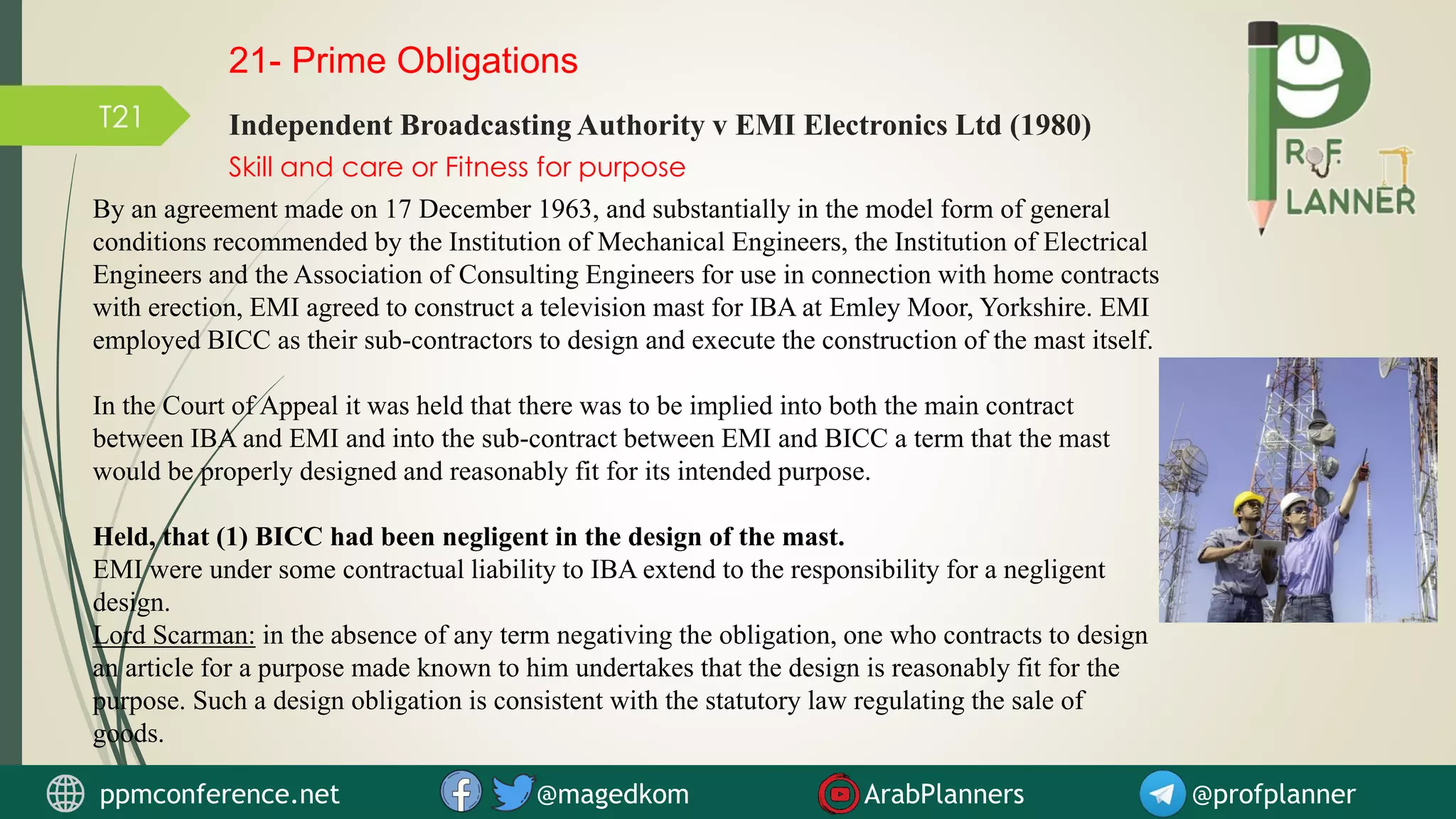 T21
Skill and care or Fitness for purpose
Independent Broadcasting Authority v EMI Electronics Ltd (1980)
By an agreement made on 17 December 1963, and substantially in the model form of general
conditions recommended by the Institution of Mechanical Engineers, the Institution of Electrical
Engineers and the Association of Consulting Engineers for use in connection with home contracts
with erection, EMI agreed to construct a television mast for IBA at Emley Moor, Yorkshire. EMI
employed BICC as their sub-contractors to design and execute the construction of the mast itself.
In the Court of Appeal it was held that there was to be implied into both the main contract
between IBA and EMI and into the sub-contract between EMI and BICC a term that the mast
would be properly designed and reasonably fit for its intended purpose.
Held, that (1) BICC had been negligent in the design of the mast.
EMI were under some contractual liability to IBA extend to the responsibility for a negligent
design.
Lord Scarman: in the absence of any term negativing the obligation, one who contracts to design
an article for a purpose made known to him undertakes that the design is reasonably fit for the
purpose. Such a design obligation is consistent with the statutory law regulating the sale of
goods.
21- Prime Obligations
ppmconference.net @magedkom ArabPlanners @profplanner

____________

__EXERCISE OBJECTIVE__
Above are the entries. Quote exactly the lines from the one bearing "conditions recommended by" through the one bearing "between IBA and".

__SOLUTION TO THE EXERCISE__
conditions recommended by the Institution of Mechanical Engineers, the Institution of Electrical
Engineers and the Association of Consulting Engineers for use in connection with home contracts
with erection, EMI agreed to construct a television mast for IBA at Emley Moor, Yorkshire. EMI
employed BICC as their sub-contractors to design and execute the construction of the mast itself.
In the Court of Appeal it was held that there was to be implied into both the main contract
between IBA and EMI and into the sub-contract between EMI and BICC a term that the mast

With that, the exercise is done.